The Atlanta Journal-Constitution
Wesleyan forward Trey Thompkins spent last season traveling around the country with powerhouse Oak Hill Academy in Virginia. Thompkins, who has signed with Georgia, played with and against some of the best players in the nation last season as Oak Hill won a national championship.
Now Thompkins is having a solid season for the Wolves, ranked No. 2 in the state and a serious contender for the Class AA championship. But he believes winning a state title in Georgia will be a lot harder than what Oak Hill accomplished last season.
“The competition is Georgia is fierce,” he said Sunday night. “You got some top quality teams. On the national scale, some of those teams had one main guy and they got ranked nationally. There are some good teams here, and it is a different talent level.”
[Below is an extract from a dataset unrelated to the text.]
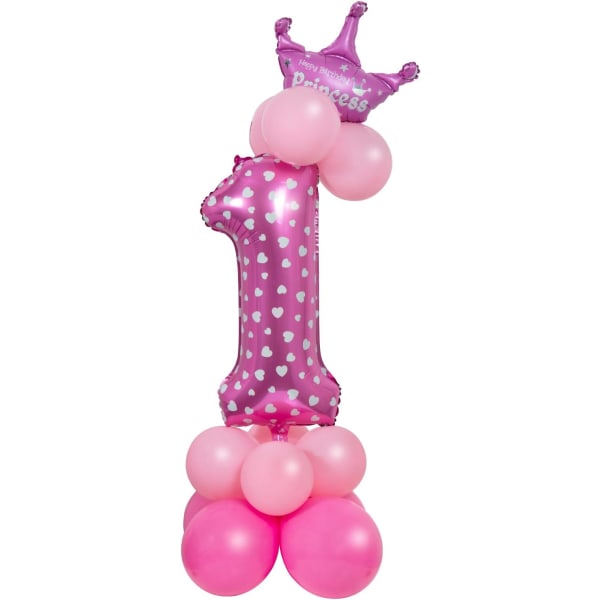 32-tums gigantiska nummerballonger, folie heliumnummerballongdekor för fester, födelsedagar (rosa nummer 1)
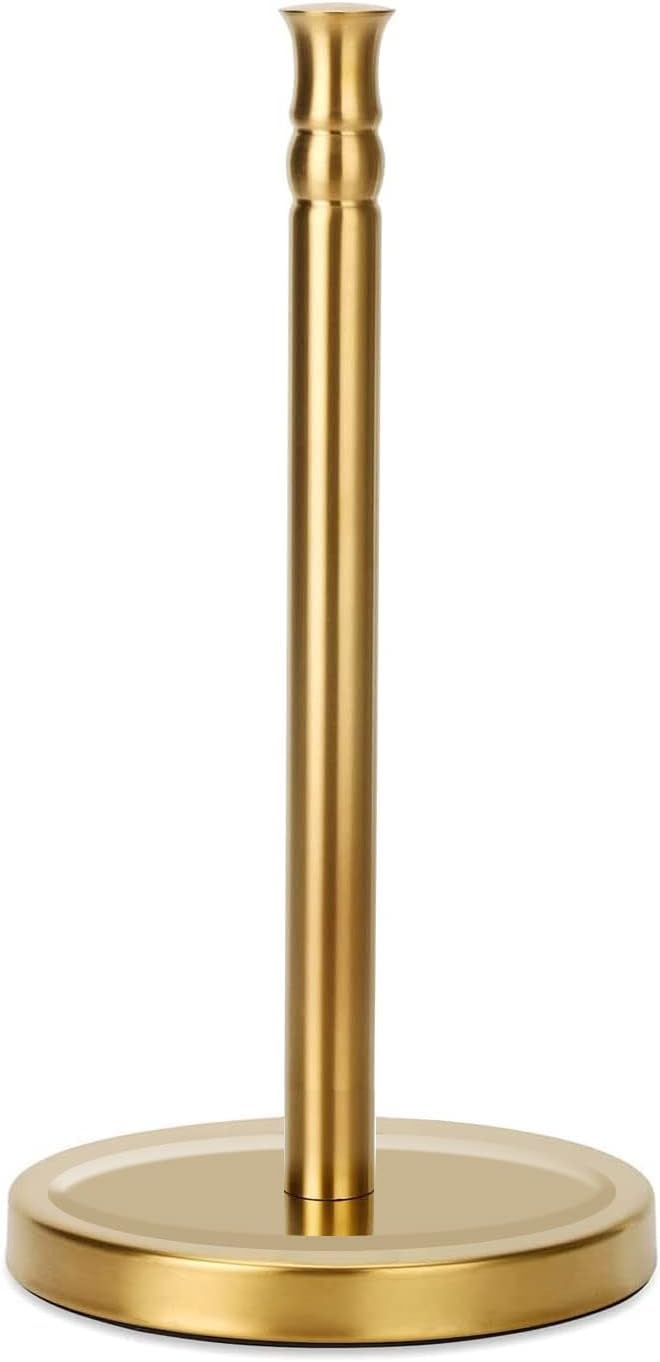 Siwil Gold Paper Towel Holder Stand, One-Handed Ripping Paper Towel Roll Holder Countertop, Stainless Steel Base Rust-Proof, NOT Tip Over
The big lesson is not to get too caught up in what national team your school has beaten, because it won’t matter next month, when the state playoffs begin.
South Atlanta coach Michael Reddick said he is preaching that lesson to his team. The Hornets are idle this week, before flying to Los Angeles Friday to take on Campbell Hall of California. When they return, South Atlanta will finish its region schedule before fighting through what should be an interesting Region 5-AAA tournament.
“Georgia is definitely one of the top states with loads of talent,” Reddick said. “We are trying to stay focused and let none of this go to our head. We respect all our opponents.”
• Post up: Is too much emphasis being put on getting nationally ranked? Do fans value a victory against a supposedly nationally-ranked team better than beating a local team? Should teams just stay home and play each other?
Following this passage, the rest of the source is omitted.